The March business survey and labour force data revealed that while the economy remains on robust footing, momentum is beginning to shift. Business conditions are trending south from very elevated levels, while confidence is lacklustre.

The March labour force release showed that the labour market is still very tight and that a substantial slowing is yet to materialise. The data showed that the labour market has absorbed an exceptional amount of new labour supply without any substantial loosening in conditions. But the influx of supply is likely to endure via record levels of migration, while the strength of worker demand has an expiration date as the economy slows. This suggests a pick-up in the unemployment rate is growing nearer. This snapshot of the economy suggests the impact of policy tightening to date is consistent with the RBA’s goal of “keeping the economy on an even keel”.

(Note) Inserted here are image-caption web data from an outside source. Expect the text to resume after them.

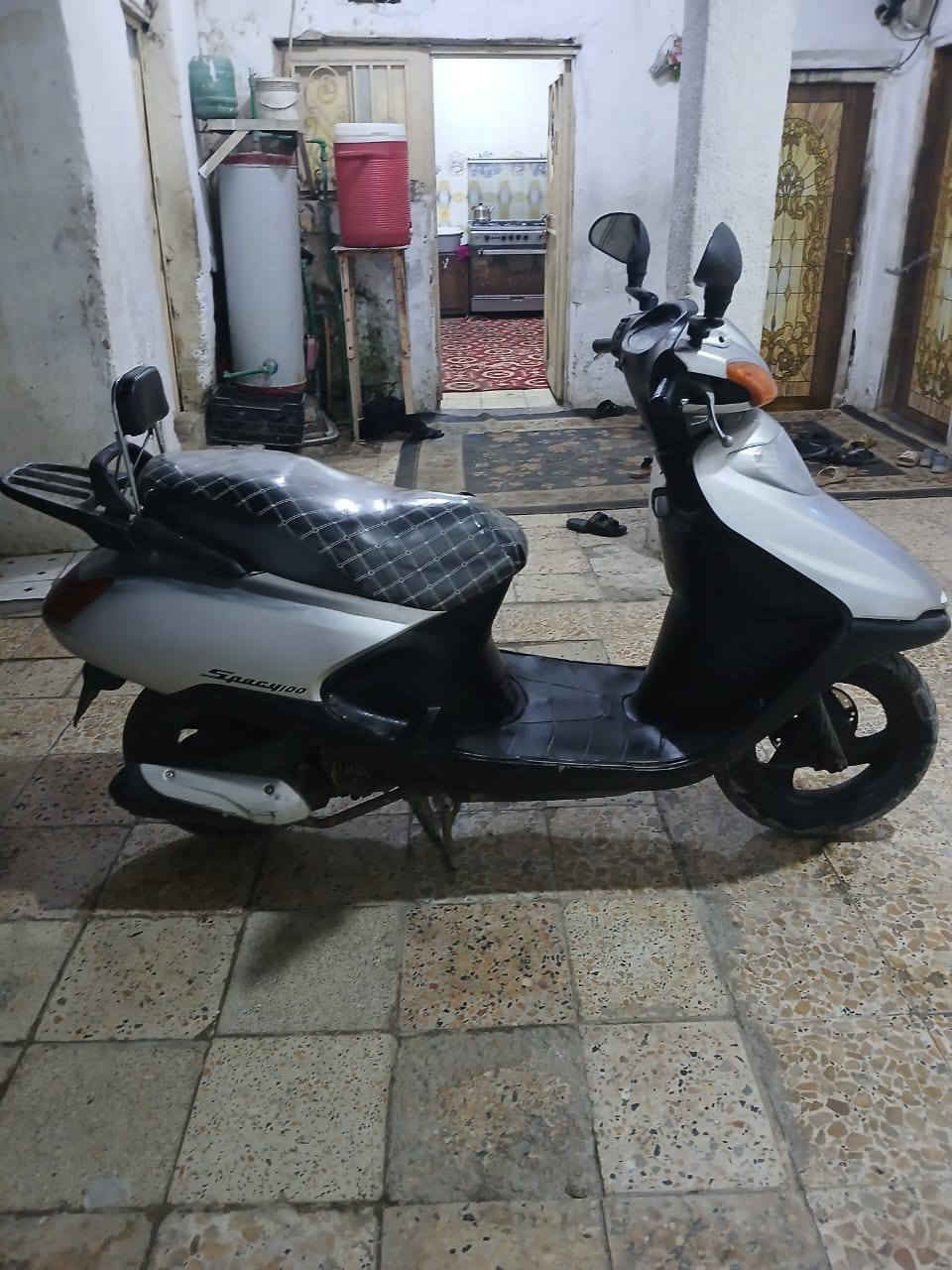 سلام عليكم دراجه للبيع ياياني سعر 650
مكان كوت حي الجهاد زويرجات ***********
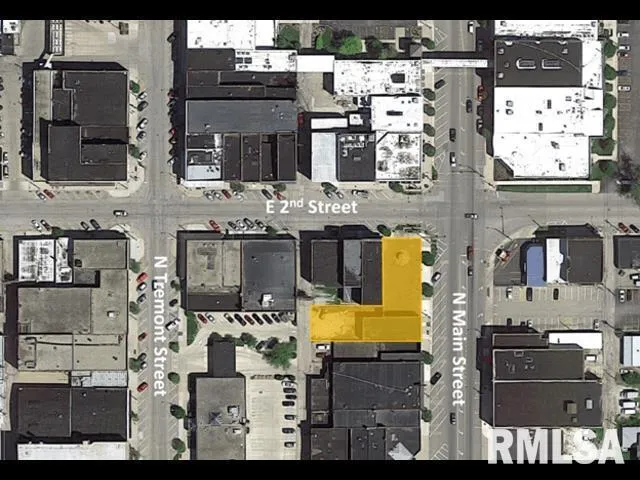 a picture of a house with outdoor space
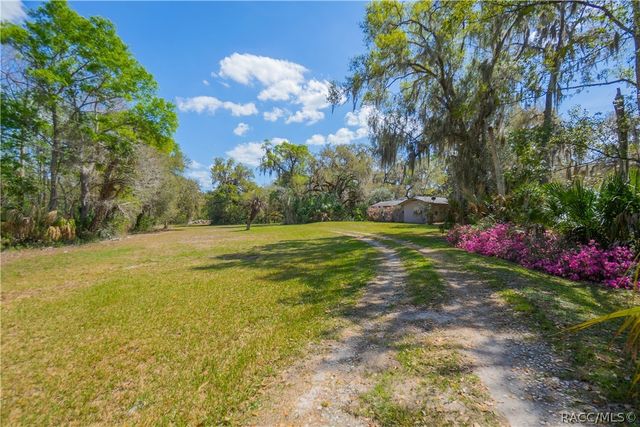 8050 S Baker Avenue, Floral City, FL 34436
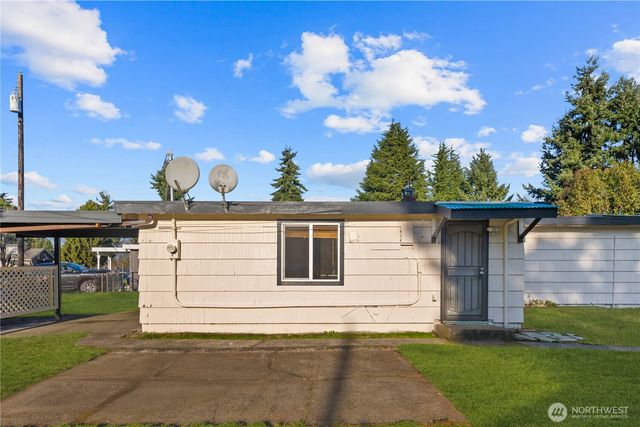 31368 13th Avenue S, Federal Way, WA 98003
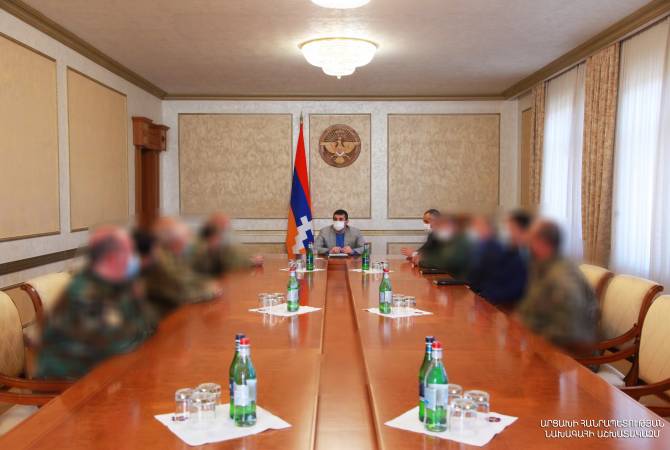 Президент Арцаха созвал совещание с участием высокопоставленного 
офицерскогосоставаСНБ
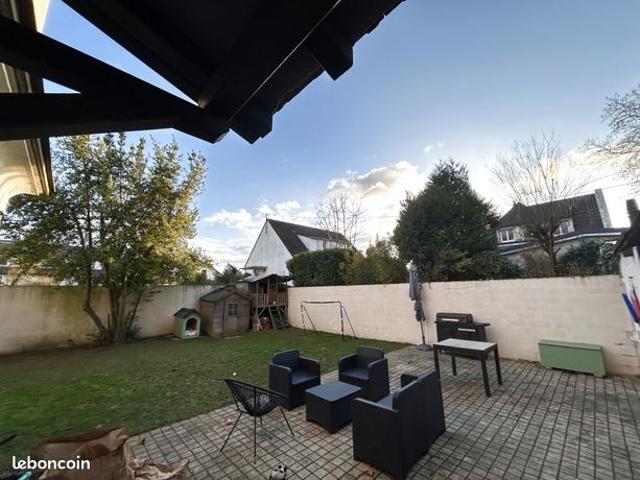 Maison vente à Versailles, Trappes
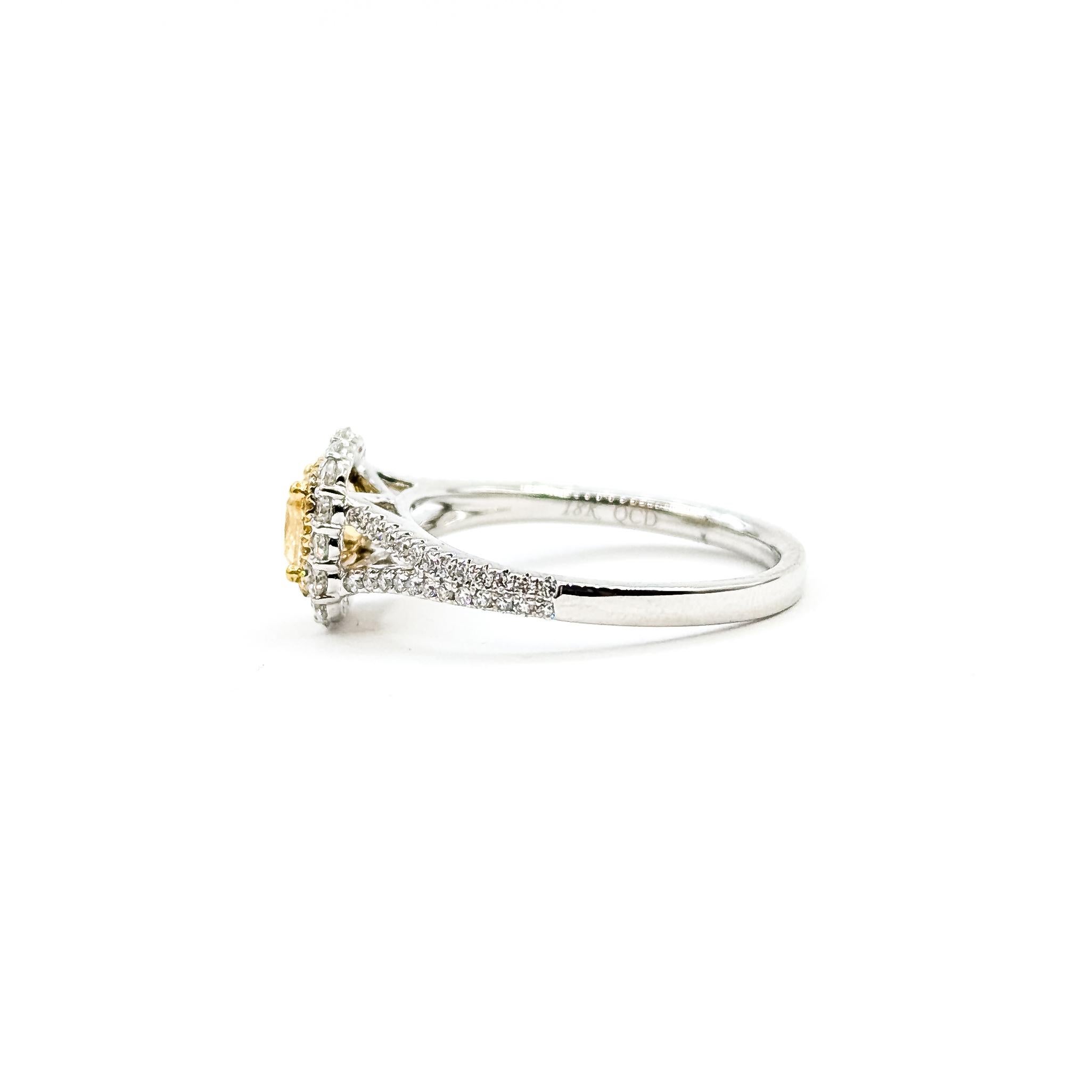 Refined Halo Diamond Ring in 18k white gold en vente 3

So, what about returning inflation to target “within a reasonable timeframe”? Well, the unemployment rate is tracking inside the RBA’s forecasts. While the labour market remains tight the data is not suggesting that conditions are getting significantly tighter. This means there is little sign of unsustainable upward pressure on wages growth, which will help the RBA sleep a little easier given wages growth remains consistent with returning inflation to target. Indeed, Governor Lowe noted that wages growth has not been a key driver of inflation to date.

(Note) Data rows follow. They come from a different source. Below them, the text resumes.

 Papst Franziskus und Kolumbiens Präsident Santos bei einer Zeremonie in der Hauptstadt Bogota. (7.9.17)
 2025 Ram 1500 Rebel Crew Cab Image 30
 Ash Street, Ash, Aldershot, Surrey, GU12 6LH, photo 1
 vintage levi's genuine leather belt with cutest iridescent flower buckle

The business survey also revealed a welcome slowing in price pressures for businesses, with some of this being passed through to slower growth in final product prices. Overall, this points to strong progress on goods disinflation contrasted by some stickiness on the services side given the resilience of the labour market. This narrative is consistent with the experience overseas. But it doesn’t give us much new information on whether the inflation figures are tracking inside the trajectory implied by the RBA’s forecasts and it’s mid-2025 deadline. That’s where next week’s inflation report comes in and why the RBA’s decision will likely hinge on the result.

An upside surprise relative to the RBA’s forecasts is likely to necessitate a policy response in the form of another 25-basis-point hike. However, any result inside this band is likely to see the Board stand pat with the cash rate at 3.60%. In either situation, we do not expect the Board to flag the end of the cycle and instead will reiterate that they are prepared to hike further if necessitated by the data.

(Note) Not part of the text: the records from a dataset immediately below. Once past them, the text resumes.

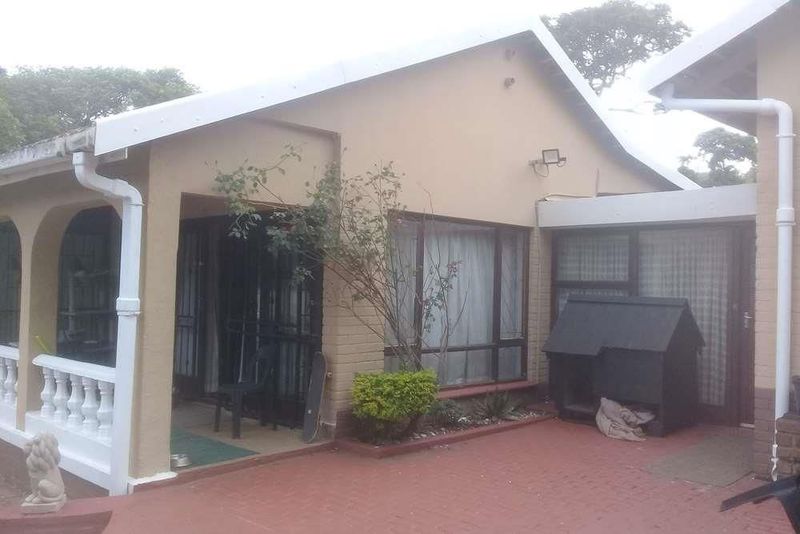 URGENT SALE - Spacious 3 bedroom house with newly built on 1 bedroom flat for sale Tweni.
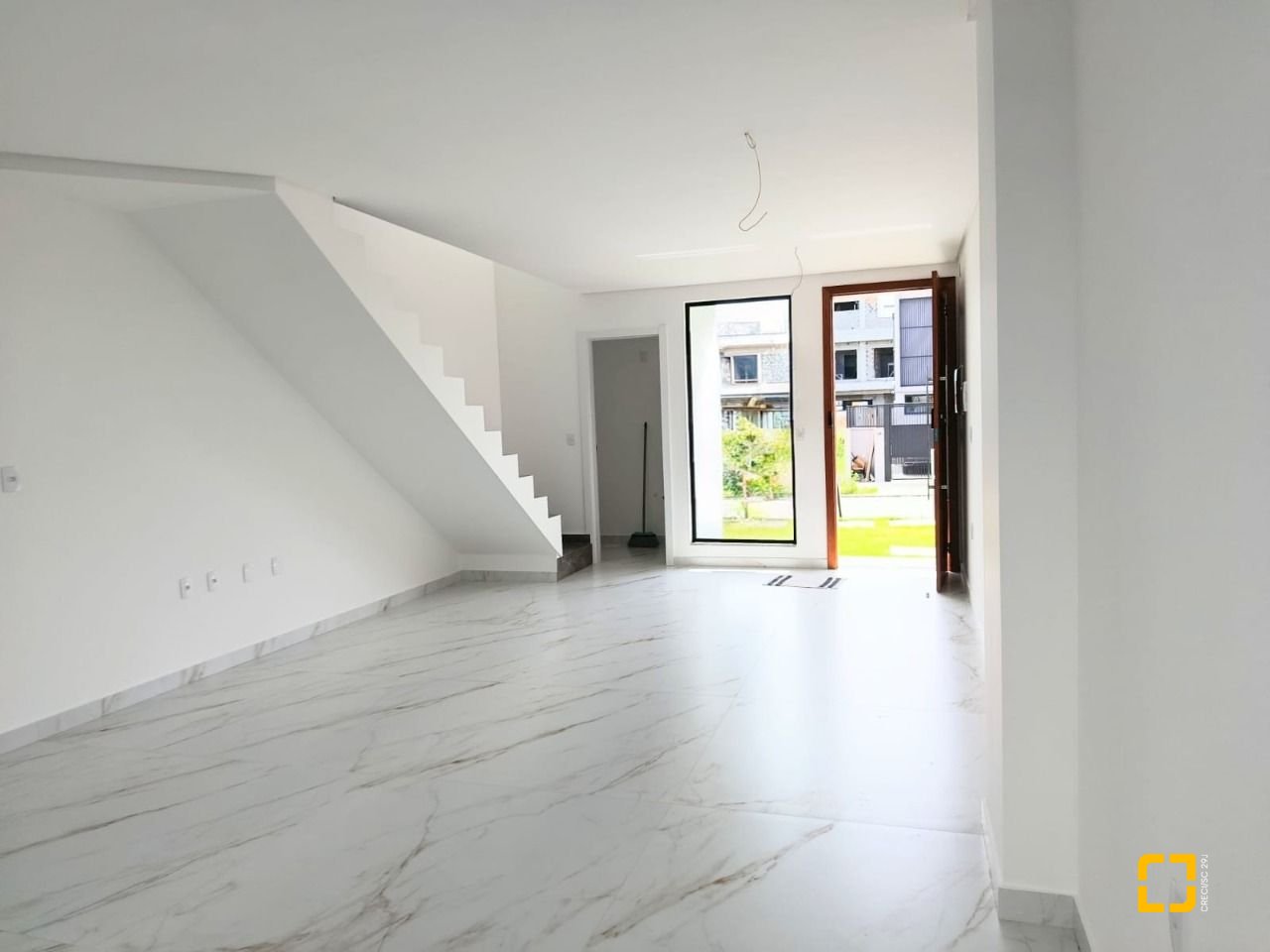 Casa com 99m², 4 quartos (sendo 2 suítes), 1 garagem, no bairro Campeche em Florianópolis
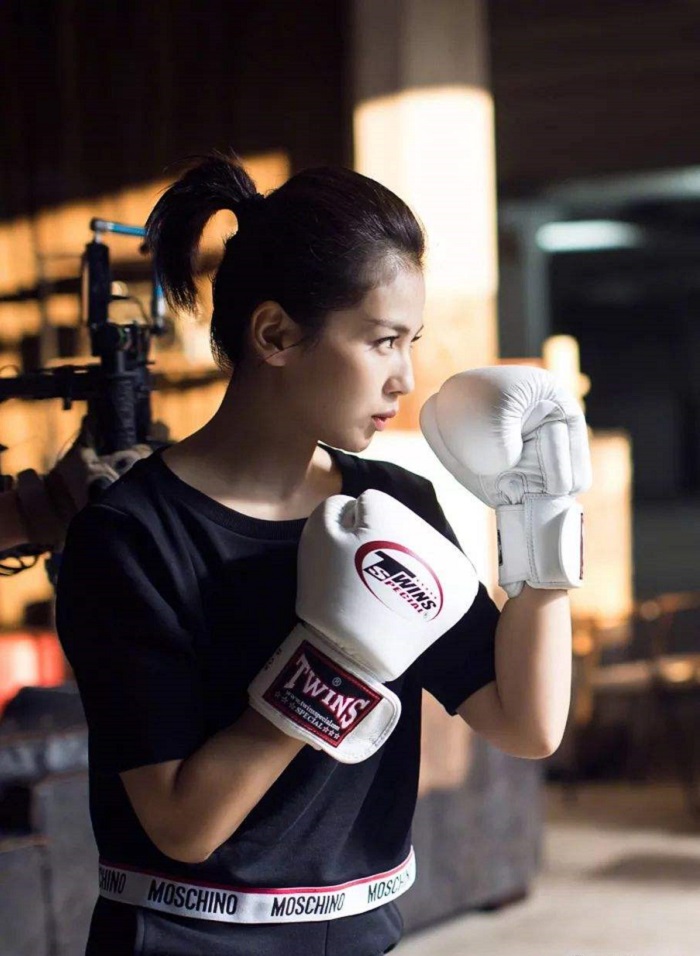 女明星的拳击照:比男生还man,最喜欢迪丽热巴的服装造型!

Another crucial area to monitor over the coming months will be inflation expectations. The RBA’s approach, if successful, will still see headline inflation remaining outside of the target band for three years. While this gradual approach increases the chances of avoiding recession, it also increases the risk of inflation expectations becoming unanchored. For now, inflation expectations remain well anchored but if this anchor were to drift higher it would prompt a renewed inflationary pulse and likely force the RBA to resume hiking later in the cycle, when the economy is expected to have slowed considerably and is more fragile to policy changes. The ultimate risk in such a scenario is stagflation, that is low growth and above-target inflation, a central bankers’ kryptonite.